After receiving a great question from one of our Facebook followers about gemstone inclusions, we decided to expand on the topic for everyone. Inclusions can get a bad rap, but often times they are useful to gemologists in differentiating a natural stone from a synthetic version.
A gemstone inclusion forms when a material gets trapped inside a mineral at any time during formation. It’s best to think of an inclusion as the gemstone’s unique fingerprint. Much like our own fingerprint, no two gemstones have the exact same characteristics.
Inclusions can take the form of other minerals, rocks, gas, or internal fractures caused during formation. Inclusions can even be insects or plants, frequently seen in amber.
Inclusions can be placed in one of three categories: protogenetic (mineral particles that existed before the host crystal formed), syngenetic (particles that formed and grew alongside the host crystal), and epigenetic (inclusions that form after the host material stopped growing like stress cracks or damage by irradiation).
Inclusions are important when determining the value of a gemstone. For a diamond, the fewer inclusions, the rarer and more expensive. Too many inclusions can affect the overall appearance of a diamond. However, in a star sapphire, inclusions are what make the asterism phenomena (the star) possible. The presence of needle-like inclusions creates the beautiful six-rayed star pattern. Demantoid garnets are sometimes sought after for their inclusions, specifically the presence of the whispy, hair-like horsetail inclusion.
Inclusions also aid in determining the origin of a gemstone, as certain inclusion characteristics can sometimes be identified with a specific region. Synthetic stones can have inclusions too, but they are usually identified by the growth method used in a lab. Viewing and identifying an inclusion is best done by a microscope under controlled lighting conditions.
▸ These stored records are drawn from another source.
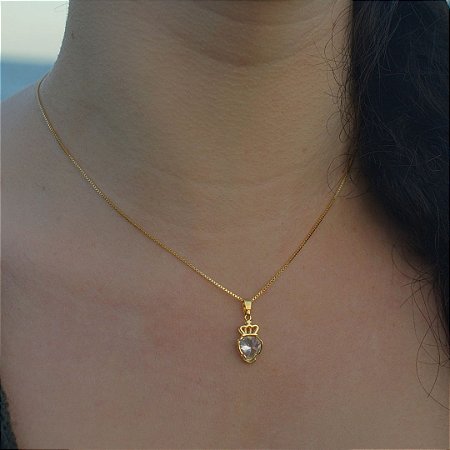 Conjunto Brinco e Colar de coroa  com zircônias folheado ouro 18k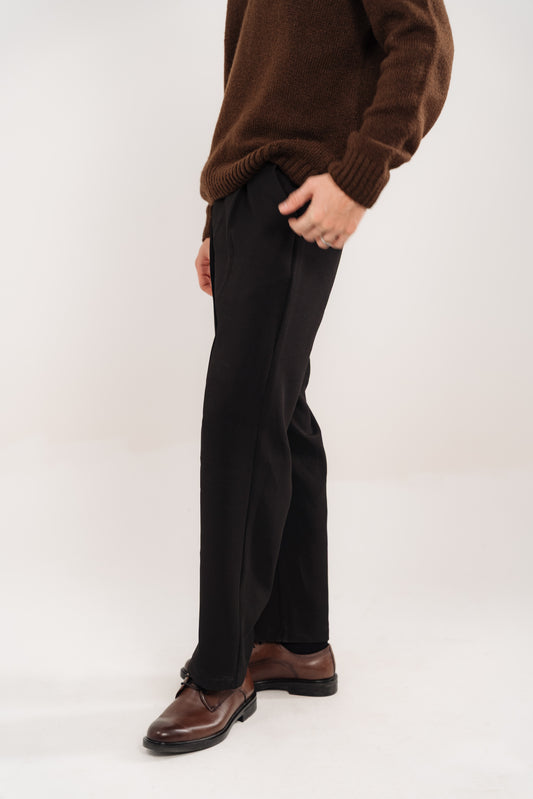 Men's Black Pleated Wide-Leg Trousers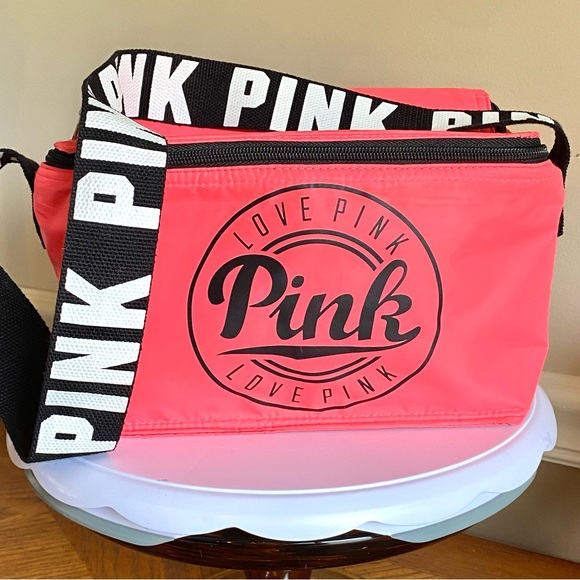 Victoria's Secret Handbags - PINK Victoria secret lunch box travel cooler in a neon pink / orange with strap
Sometimes jewelry owners can confuse an inclusion with crack or chip. It should be noted that Gem Shopping Network does not allow the sale of any gemstone with a crack, chip, or fracture. In addition, we don’t accept gemstones or diamonds with an inclusion that could cause an issue with the stability of the stone. If you have an inclusion in your stone, consider it a unique, identifying feature- much like freckles or a birthmark.